Next Article in Journal
Volume Loss Assessment with MT-InSAR during Tunnel Construction in the City of Naples (Italy)
Previous Article in Journal
Spatio-Temporal Patterns of NDVI and Its Influencing Factors Based on the ESTARFM in the Loess Plateau of China
 
 
Article
Peer-Review Record

An HMM-DNN-Based System for the Detection and Classification of Low-Frequency Acoustic Signals from Baleen Whales, Earthquakes, and Air Guns off Chile

Remote Sens. 2023, 15(10), 2554; https://doi.org/10.3390/rs15102554
by Susannah J. Buchan 1,2,3,4,*, Miguel Duran 4, Constanza Rojas 2, Jorge Wuth 3, Rodrigo Mahu 3, Kathleen M. Stafford 5 and Nestor Becerra Yoma 3
Reviewer 1: Anonymous
Reviewer 2: Anonymous
Reviewer 3: Anonymous
Remote Sens. 2023, 15(10), 2554; https://doi.org/10.3390/rs15102554
Submission received: 29 December 2022 / Revised: 21 March 2023 / Accepted: 31 March 2023 / Published: 13 May 2023
(This article belongs to the Section Ocean Remote Sensing)

Round 1

Reviewer 1 Report

1. In the line 72 - 79, only the machine learning algorithms are introduced. Can you add more references which employed the deep learning methods?

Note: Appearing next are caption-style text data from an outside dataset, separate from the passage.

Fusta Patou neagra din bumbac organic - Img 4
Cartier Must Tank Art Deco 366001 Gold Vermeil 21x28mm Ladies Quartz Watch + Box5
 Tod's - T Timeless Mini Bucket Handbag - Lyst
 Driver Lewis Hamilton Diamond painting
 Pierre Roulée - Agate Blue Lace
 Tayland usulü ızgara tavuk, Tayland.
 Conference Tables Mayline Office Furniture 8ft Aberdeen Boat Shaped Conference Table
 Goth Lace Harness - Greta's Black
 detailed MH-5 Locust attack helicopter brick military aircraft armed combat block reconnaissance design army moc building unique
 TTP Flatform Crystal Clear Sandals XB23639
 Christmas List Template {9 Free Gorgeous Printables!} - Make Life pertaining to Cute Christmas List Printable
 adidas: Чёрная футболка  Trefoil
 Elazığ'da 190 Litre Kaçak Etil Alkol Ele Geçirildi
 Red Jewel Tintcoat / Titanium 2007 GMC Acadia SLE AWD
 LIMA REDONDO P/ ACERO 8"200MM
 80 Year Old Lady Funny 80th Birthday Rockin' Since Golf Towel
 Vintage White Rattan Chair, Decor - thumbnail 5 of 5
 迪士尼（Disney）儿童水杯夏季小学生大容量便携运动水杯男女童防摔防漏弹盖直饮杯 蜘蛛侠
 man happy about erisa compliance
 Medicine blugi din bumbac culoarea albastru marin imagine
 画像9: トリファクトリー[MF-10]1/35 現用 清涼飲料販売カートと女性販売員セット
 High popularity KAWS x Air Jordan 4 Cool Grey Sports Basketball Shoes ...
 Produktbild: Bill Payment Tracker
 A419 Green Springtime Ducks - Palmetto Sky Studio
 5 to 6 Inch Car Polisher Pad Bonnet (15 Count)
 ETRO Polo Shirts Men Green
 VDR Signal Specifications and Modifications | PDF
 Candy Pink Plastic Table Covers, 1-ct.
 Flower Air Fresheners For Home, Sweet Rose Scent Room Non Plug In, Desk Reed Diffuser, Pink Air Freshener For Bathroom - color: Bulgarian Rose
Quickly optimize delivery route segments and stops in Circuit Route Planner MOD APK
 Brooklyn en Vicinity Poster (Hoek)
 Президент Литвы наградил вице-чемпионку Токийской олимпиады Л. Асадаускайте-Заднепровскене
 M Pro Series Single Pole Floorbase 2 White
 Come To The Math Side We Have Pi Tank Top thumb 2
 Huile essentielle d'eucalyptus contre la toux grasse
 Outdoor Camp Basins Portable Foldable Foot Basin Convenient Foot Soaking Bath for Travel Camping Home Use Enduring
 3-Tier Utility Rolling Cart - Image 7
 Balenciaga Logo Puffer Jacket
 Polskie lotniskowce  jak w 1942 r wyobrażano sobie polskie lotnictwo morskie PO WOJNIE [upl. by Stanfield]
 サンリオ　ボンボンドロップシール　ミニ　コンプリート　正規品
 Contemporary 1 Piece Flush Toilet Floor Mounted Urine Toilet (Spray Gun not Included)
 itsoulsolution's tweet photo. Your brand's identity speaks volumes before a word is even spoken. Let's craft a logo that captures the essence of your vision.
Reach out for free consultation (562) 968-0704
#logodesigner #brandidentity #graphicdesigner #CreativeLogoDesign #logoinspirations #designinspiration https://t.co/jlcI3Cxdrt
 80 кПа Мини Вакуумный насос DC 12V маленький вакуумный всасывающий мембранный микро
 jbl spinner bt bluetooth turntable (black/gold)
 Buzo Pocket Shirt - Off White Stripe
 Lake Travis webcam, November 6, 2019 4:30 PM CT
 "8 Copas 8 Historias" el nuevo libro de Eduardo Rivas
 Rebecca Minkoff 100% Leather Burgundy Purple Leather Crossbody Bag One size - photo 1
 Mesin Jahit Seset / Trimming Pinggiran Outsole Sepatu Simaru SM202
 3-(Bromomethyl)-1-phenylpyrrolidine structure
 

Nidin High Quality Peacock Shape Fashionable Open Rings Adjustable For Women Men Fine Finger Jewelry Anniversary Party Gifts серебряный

2. I agreed that HMM-GMM is one of the appropriate baseline for the performance comparison. However, I think more comparisons are necessary.

For example, LSTM or its variants (bi-LSTM, Transformer, ...) can be employed. You can fix the window length of LSTM and stride the window until the whole input signal is covered.

3. F1-score for rare cases (S22, SEP, ...) are too low due to class imbalances. Can you apply augmentation approaches to match the class samples' distribution such as SMOTE, SMOTE++, or others?

4. To perform sound event detection (SED), model requires to classify target sound with non-target sound. However, dataset only contains small amounts of non-target sound (UND class); which causes any non-target sound can be misclassified into one of the target classes (whales, earth quackes, ...); this is out-of-distribution (OOD) problems. Can you discuss about this?

 

 

 

Author Response

Please, find a detailed answer in the attached document.

Author Response File: Author Response.docx

Reviewer 2 Report

This manuscript describes a new system for the detection and classification of low frequency biotic an abiotic sounds in the marine environment. This system performs well and represents a step forward in the ability to efficiently analyse acoustic recordings. The paper is well written and comprehensive, although a bit long. The methods section in particular is quite long and detailed. It is well presented but, in many places, results are included. This makes the methods section longer than it needs to be. Please make sure that results are only given in the results section. I have some detailed comments below, but once they have been addressed, I recommend this manuscript for publication.

 

Line 61: recommend removing the word ‘knowing’ from this sentence.

Line 62: automation of these process is extremely helpful, but I would not say essential. Could you please adjust this statement?

Line 71: Please include some citations as examples here.

Lines 75-76: please change the wording to reflect the fact that your examples are only some of the methods that are used and there are many more.

Lines 78-79: many existing systems fail to integrate detection and classification, but some do. Please change this sentence to reflect this.

Line 81: this is the first time you have referred to Hidden Markov Models. Please spell it out here.

Lines 81-84: Please provide a reference here.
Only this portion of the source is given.